_Problem statement_:
Omit all pictures and transcribe only the lines in the entries below that run from the line with "Arthur Wesley Dow" through the line with "and leaves. Autumn".

_Input material_:

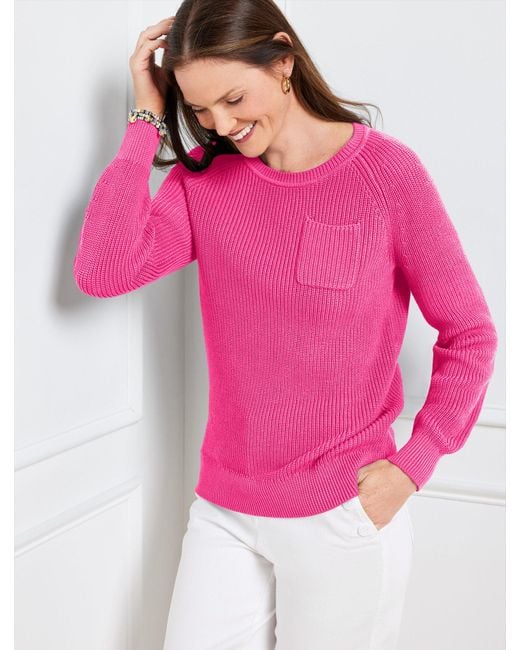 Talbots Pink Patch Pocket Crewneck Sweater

...

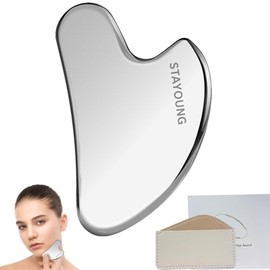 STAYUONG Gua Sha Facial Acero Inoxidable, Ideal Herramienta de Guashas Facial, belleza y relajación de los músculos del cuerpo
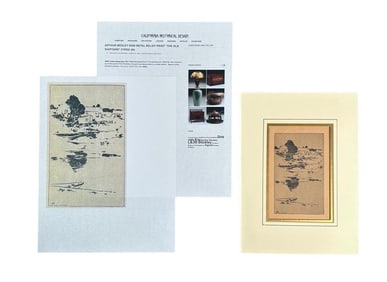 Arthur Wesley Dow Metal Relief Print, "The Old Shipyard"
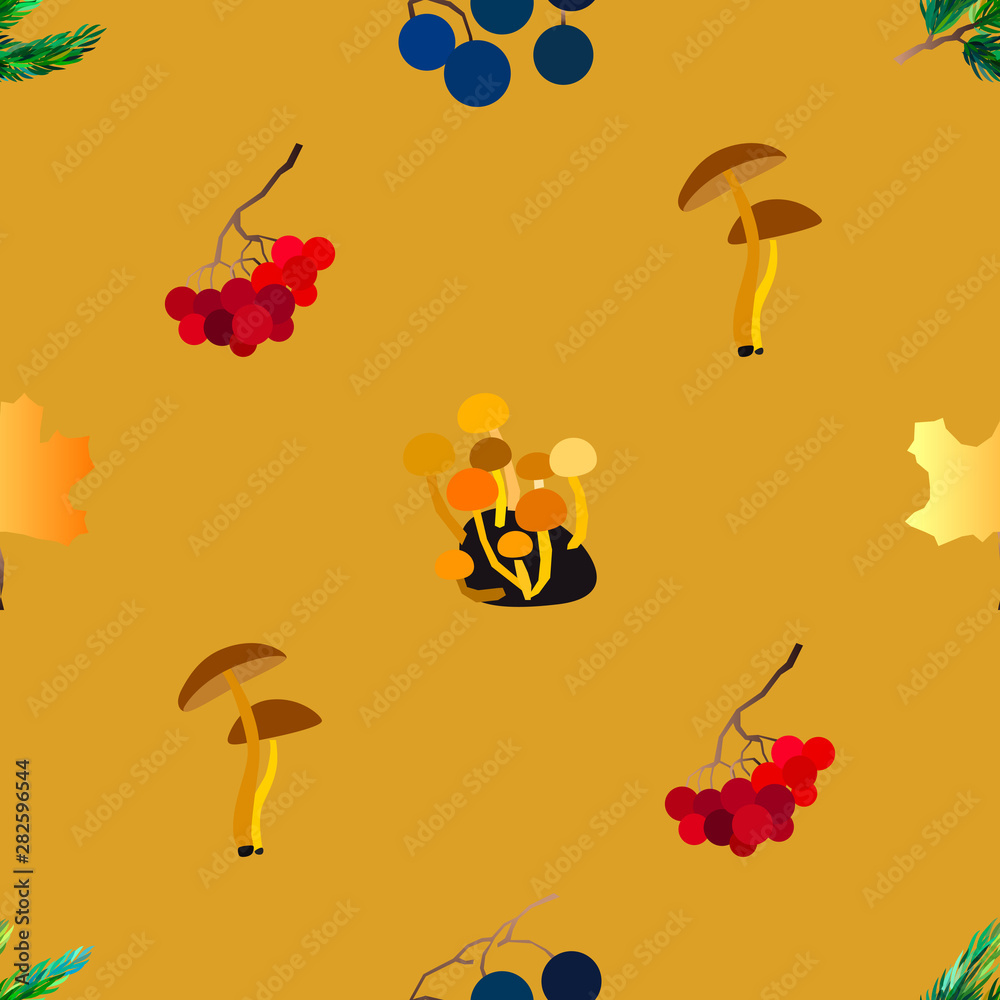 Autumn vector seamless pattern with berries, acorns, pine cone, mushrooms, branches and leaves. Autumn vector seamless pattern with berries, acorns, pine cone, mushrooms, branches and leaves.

_Completed exercise_:
 Arthur Wesley Dow Metal Relief Print, "The Old Shipyard"
 Autumn vector seamless pattern with berries, acorns, pine cone, mushrooms, branches and leaves. Autumn vector seamless pattern with berries, acorns, pine cone, mushrooms, branches and leaves.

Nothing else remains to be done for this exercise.